> **DATA SHOWN**:
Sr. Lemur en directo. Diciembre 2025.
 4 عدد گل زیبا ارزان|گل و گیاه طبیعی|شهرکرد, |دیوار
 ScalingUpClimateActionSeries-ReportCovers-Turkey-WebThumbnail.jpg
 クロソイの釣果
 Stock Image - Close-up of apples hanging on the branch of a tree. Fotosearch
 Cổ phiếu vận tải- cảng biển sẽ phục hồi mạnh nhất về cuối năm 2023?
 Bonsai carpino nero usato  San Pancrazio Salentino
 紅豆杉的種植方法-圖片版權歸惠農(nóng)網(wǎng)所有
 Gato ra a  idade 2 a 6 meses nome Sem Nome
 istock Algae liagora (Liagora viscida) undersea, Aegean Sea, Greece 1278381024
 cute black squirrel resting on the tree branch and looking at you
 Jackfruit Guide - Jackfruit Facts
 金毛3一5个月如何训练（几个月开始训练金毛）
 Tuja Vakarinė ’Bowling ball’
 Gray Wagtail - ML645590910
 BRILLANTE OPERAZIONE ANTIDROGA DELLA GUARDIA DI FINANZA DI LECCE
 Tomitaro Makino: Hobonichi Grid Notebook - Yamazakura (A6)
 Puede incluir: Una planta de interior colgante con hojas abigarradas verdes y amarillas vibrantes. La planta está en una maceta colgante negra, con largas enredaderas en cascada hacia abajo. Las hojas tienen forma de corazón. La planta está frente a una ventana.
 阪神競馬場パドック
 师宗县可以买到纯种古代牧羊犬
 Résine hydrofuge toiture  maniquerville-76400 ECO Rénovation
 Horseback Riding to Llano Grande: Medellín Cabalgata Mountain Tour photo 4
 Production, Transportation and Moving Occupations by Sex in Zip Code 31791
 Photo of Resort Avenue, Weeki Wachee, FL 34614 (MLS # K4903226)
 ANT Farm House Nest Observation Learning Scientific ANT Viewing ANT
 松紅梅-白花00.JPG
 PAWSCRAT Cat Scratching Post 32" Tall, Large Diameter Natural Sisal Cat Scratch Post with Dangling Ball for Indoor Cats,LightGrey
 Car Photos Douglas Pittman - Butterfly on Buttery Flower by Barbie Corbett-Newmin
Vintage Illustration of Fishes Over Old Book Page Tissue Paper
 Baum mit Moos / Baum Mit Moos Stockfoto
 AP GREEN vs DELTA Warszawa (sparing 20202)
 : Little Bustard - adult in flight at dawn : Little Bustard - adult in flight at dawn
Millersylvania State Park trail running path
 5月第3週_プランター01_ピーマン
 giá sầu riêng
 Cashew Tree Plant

> **ASSIGNMENT**: Give every entry again in full, precisely as written above.

> **OUTPUT FOR THIS TASK**:
Sr. Lemur en directo. Diciembre 2025.
 4 عدد گل زیبا ارزان|گل و گیاه طبیعی|شهرکرد, |دیوار
 ScalingUpClimateActionSeries-ReportCovers-Turkey-WebThumbnail.jpg
 クロソイの釣果
 Stock Image - Close-up of apples hanging on the branch of a tree. Fotosearch
 Cổ phiếu vận tải- cảng biển sẽ phục hồi mạnh nhất về cuối năm 2023?
 Bonsai carpino nero usato  San Pancrazio Salentino
 紅豆杉的種植方法-圖片版權歸惠農(nóng)網(wǎng)所有
 Gato ra a  idade 2 a 6 meses nome Sem Nome
 istock Algae liagora (Liagora viscida) undersea, Aegean Sea, Greece 1278381024
 cute black squirrel resting on the tree branch and looking at you
 Jackfruit Guide - Jackfruit Facts
 金毛3一5个月如何训练（几个月开始训练金毛）
 Tuja Vakarinė ’Bowling ball’
 Gray Wagtail - ML645590910
 BRILLANTE OPERAZIONE ANTIDROGA DELLA GUARDIA DI FINANZA DI LECCE
 Tomitaro Makino: Hobonichi Grid Notebook - Yamazakura (A6)
 Puede incluir: Una planta de interior colgante con hojas abigarradas verdes y amarillas vibrantes. La planta está en una maceta colgante negra, con largas enredaderas en cascada hacia abajo. Las hojas tienen forma de corazón. La planta está frente a una ventana.
 阪神競馬場パドック
 师宗县可以买到纯种古代牧羊犬
 Résine hydrofuge toiture  maniquerville-76400 ECO Rénovation
 Horseback Riding to Llano Grande: Medellín Cabalgata Mountain Tour photo 4
 Production, Transportation and Moving Occupations by Sex in Zip Code 31791
 Photo of Resort Avenue, Weeki Wachee, FL 34614 (MLS # K4903226)
 ANT Farm House Nest Observation Learning Scientific ANT Viewing ANT
 松紅梅-白花00.JPG
 PAWSCRAT Cat Scratching Post 32" Tall, Large Diameter Natural Sisal Cat Scratch Post with Dangling Ball for Indoor Cats,LightGrey
 Car Photos Douglas Pittman - Butterfly on Buttery Flower by Barbie Corbett-Newmin
Vintage Illustration of Fishes Over Old Book Page Tissue Paper
 Baum mit Moos / Baum Mit Moos Stockfoto
 AP GREEN vs DELTA Warszawa (sparing 20202)
 : Little Bustard - adult in flight at dawn : Little Bustard - adult in flight at dawn
Millersylvania State Park trail running path
 5月第3週_プランター01_ピーマン
 giá sầu riêng
 Cashew Tree Plant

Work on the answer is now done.